Business journalism and lines it sometimes blurs


Ryan Chittum at the Columbia Journalism Review provides a Jon Stewart clip with his column, The Daily Show Eviscerates Santelli and CNBC:
"But what makes this so interesting is what Stewart does to pierce the CNBC bubble on several different things that make the network so disliked by business journalists generally:
"Its lack of a line between opinion and reporting (and lack of disclosure about who’s a reporter and who’s not). Its Siamese-twin closeness to Wall Street. Its rah-rah rooting for the stock markets. Its inanity in interviews that too often veers into sycophancy.
"On the other hand, if there is a discomfort among the business reporters with CNBC, it might be because the network’s bad practices are only extreme manifestations of wider cultural problems in their profession.

USA Today's report on the same Stewart episode has drawn more than 80 comments already.

New York Times business columist Joe Nocera, who was also on the show, posted a clip of his own interview, but the discussion thread includes both segments.

"You should be a financial columnist. You've got the whole thing figured out," Nocera says to Stewart... then catches himself using Stewart's analytical language, referring to the financial industry's "crappy loans." He also joked that Stewart's analysis of the financial industry would give him his Saturday column.

So here's Nocera's Saturday column, actually not based on the Stewart interview, but focused on G.E., which (coincidentally?) owns CNBC. I'll recommend it to my students when we talk about thorough business journalism, versus the kind that blurs those lines between billionaire-celebrity-chat, opinion pieces and real "You're mother says she loves you, but check it out" reporting.

(Students also might be interested in discussing the interplay between Nocera's blog at nytimes.com and his column in The New York Times.)

Friday, March 06, 2009

Look who's talking... anonymously


Just a day after my introductory news writing class started asking questions about "anonymous sources," Salon blogger Glenn Greenwald has a column titled "The casual, corrupting use of anonymity for political officials."

Greenwald includes links to official policies at The New York Times and Washington Post that set reporters' ground rules for granting anonymity to news sources -- and points out widespread violation of those rules by the Washington press corps, under both the Bush and Obama administrations. He gives examples of columnists quoting "people at the White House" on issues of policy and intention, but without naming anyone who might be held accountable for those statements in the future. Says Greenwald:

This practice was so widely abused during the Bush presidency that journalists and their news organizations engaged in all kinds of tortured public discussions -- and even promulgated guidelines for the proper use of anonymity -- all of which, since then, have been almost entirely ignored.
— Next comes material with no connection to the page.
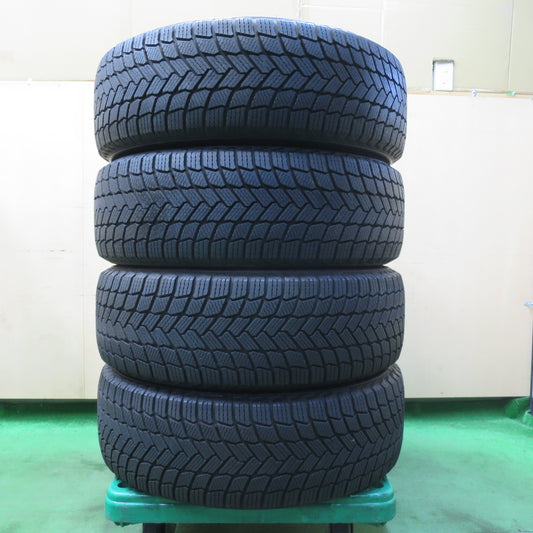 [送料無料] ほぼ未使用！23年★スタッドレス 225/60R18 ミシュラン X-ICE SNOW タイヤ 18インチ レクサス NX RAV4 ハリアー 等★5031404イスタ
There are, of course, narrow circumstances in which anonymity is not only justifiable but crucial -- namely, when whistle-blowing government officials risk their jobs or even careers to divulge damaging information that the Government wants to hide -- but that obviously isn't how anonymity is being used in the vast majority of cases by Beltway journalists, such as those documented here.

Instead, anonymity is now eagerly granted to any government official the minute they ask for it -- even when they are doing nothing but spouting the official, pro-administration line -- by journalists eager to be chosen as the White House's anointed message-carrier and who are therefore willing to agree to any conditions imposed by the White House in exchange for that "honor."

I encourage students to read the whole column -- and follow the links to the newspapers' policy statements, the I.F. Stone archives and the Nieman Watchdog site.